Costituiva una forma residuale di protezione prevista, prima del “Decreto Sicurezza”, dalla legislazione italiana per quanti non avevano diritto al riconoscimento dello status di rifugiato né della protezione sussidiaria ma non potevano essere allontanati dal territorio nazionale a causa di oggettive e gravi situazioni personali. Il permesso di soggiorno per motivi umanitari veniva rilasciato dal questore a seguito di raccomandazione della Commissione Territoriale in caso di diniego, qualora ricorressero “seri motivi” di carattere umanitario: motivi di salute o di età, carestie e disastri ambientali o naturali, l’assenza di legami familiari nel Paese d’origine, l’essere vittima di situazioni di grave instabilità politica, di episodi di violenza o di insufficiente rispetto dei diritti umani.

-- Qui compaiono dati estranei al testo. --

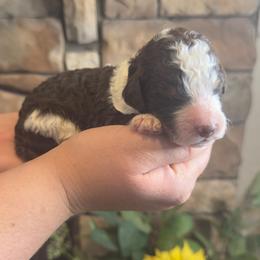 Cash - Chocolate male Goldendoodle puppy in Sanderson, Florida from Serenity Goldendoodles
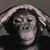 W.j. Bartley's profile image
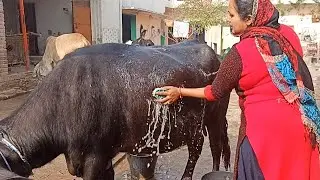 Village Life Morning Routine - Buffalo Bathing - Desi Indian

Il permesso per motivi umanitari – per chi l’ha ottenuto prima delle recenti modifiche legislative – ha una durata di 2 anni, è rinnovabile, e può essere convertito in permesso di soggiorno per lavoro.
Il recente “Decreto Sicurezza”, convertito in L. 132/2018, ha abrogato tale forma di protezione sostituendola con il permesso di soggiorno per protezione speciale.
Tuttavia, con la sentenza n. the, la Corte di Cassazione ha stabilito che, per le domande di protezione internazionale presentate prima del 5 ottobre 2018, le Commissioni Territoriali debbano continuare a valutare la sussistenza dei presupposti per il riconoscimento della protezione umanitaria.